Fifty Shades Freed (Christian & Ana)(27)



"You asked me why I braid your hair," he murmurs. His tone alarms me. He looks . . . guilty.

"Yes." Oh, shit.

"The crack whore used to let me play with her hair, I think. I don't know if it's a memory or a dream."

Whoa! His birth mom.

He gazes at me, his expression unreadable. My heart leaps into my mouth.

What do I say when he says things like this?

"I like you playing with my hair." My voice is hesitant.

He regards me with uncertainty. "Do you?"

"Yes." It's the truth. I grasp his hand. "I think you loved your birth mother, Christian." His eyes widen and he stares at me impassively, saying nothing.

Holy shit. Have I gone too far? Say something, Fifty—please. But he remains resolutely mute, gazing at me with fathomless gray eyes while the silence stretches between us. He looks lost.

He glances down at my hand on his and he frowns.

"Say something," I whisper, because I cannot bear the silence any longer.
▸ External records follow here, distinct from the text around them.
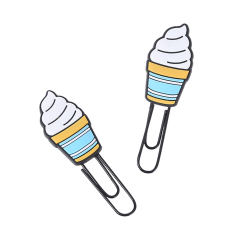 Custom Cute PVC Paper Clips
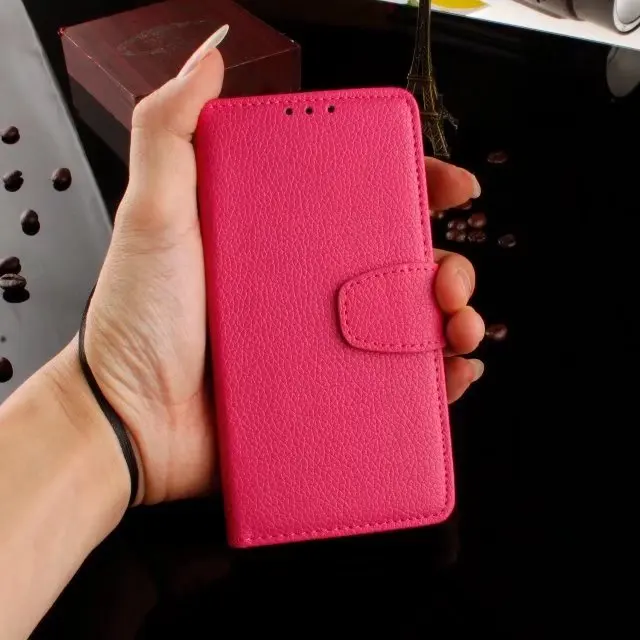50 шт./лот,, мягкий ТПУ+ ПУ кожа, чехол-кошелек личи для samsung S9/S9 PLUS/A8 /A8 PLUS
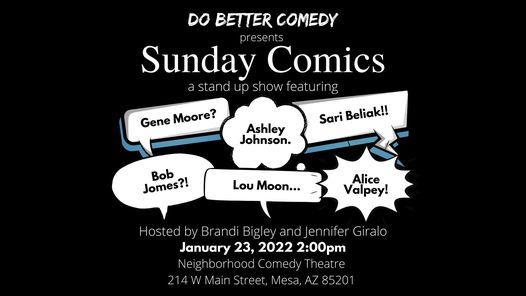 Do Better Comedy presents Sunday Comics!
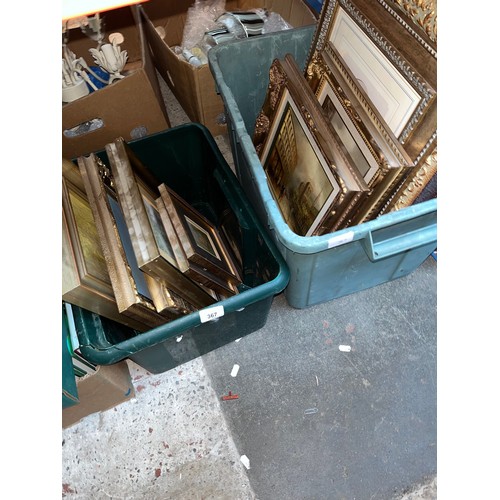 367 - Two boxes of pictures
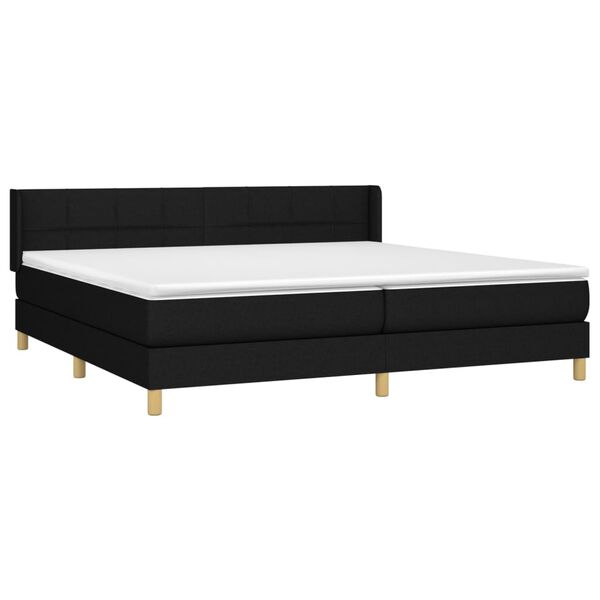 vidaXL Boxspring posteľ s matracom čierna 200x200 cm l&aacute;tka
He shakes his head, exhaling deeply.

"Let's go." He releases my hand and stands. His expression guarded. Have I overstepped the mark? I have no idea. My heart sinks and I don't know whether to say anything else or just let it go. I decide on the latter and follow him dutifully out of the restaurant.

In the lovely narrow street, he takes my hand.

"Where do you want to go?"

He speaks! And he's not mad at me—thank heavens. I exhale, relieved, and shrug. "I am just glad you're still speaking to me."

"You know I don't like talking about all that shit. It's done. Finished," he says quietly .

No, Christian, it isn't. The thought saddens me, and for the first time I wonder if it will ever be finished. He'll always be Fifty Shades . . . my Fifty Shades.

Do I want him to change? No, not really—only insofar as I want him to feel loved. Peeking up at him, I take a moment to admire his captivating beauty . . .

and he's mine. And it's not just the allure of his fine, fine face and his body that has me spellbound. It's what's behind the perfection that draws me, that calls to me . . . his fragile, damaged soul.

He gives me that look, down his nose, half amused, half wary, wholly sexy then tucks me under his arm, and we make our way through the tourists toward the spot where Philippe/Gaston has parked the roomy Mercedes. I slip my hand back into the back pocket of Christian's shorts, grateful that he isn't mad. But, honestly, what four-year-old child doesn't love his mom, no matter how bad a mom she is? I sigh heavily and hug him closer. I know behind us the security team lurks, and I wonder idly if they've eaten.

Christian stops outside a small boutique selling fine jewelry and gazes in the window, then down at me. He grasps my free hand and runs his thumb across the faded red line of the handcuff mark, inspecting it.

"It's not sore." I reassure him. He twists so that my other hand is freed from his pocket. He clasps that hand, too, turning it gently over to examine my wrist.

The platinum Omega watch he gave me at breakfast on our first morning in London obscures the red line. The inscription still makes me swoon.

Anastasia

You are my More

My Love, My Life

Christian

In spite of everything, all his Fiftyness, my husband can be so romantic. I gaze down at the faint marks on my wrist. Then again, he can be savage sometimes.

Releasing my left hand, he tilts my chin up with his fingers and scrutinizes my expression, his eyes troubled.

"They don't hurt," I repeat. He pulls my hand to his lips and plants a soft apologetic kiss on the inside of my wrist.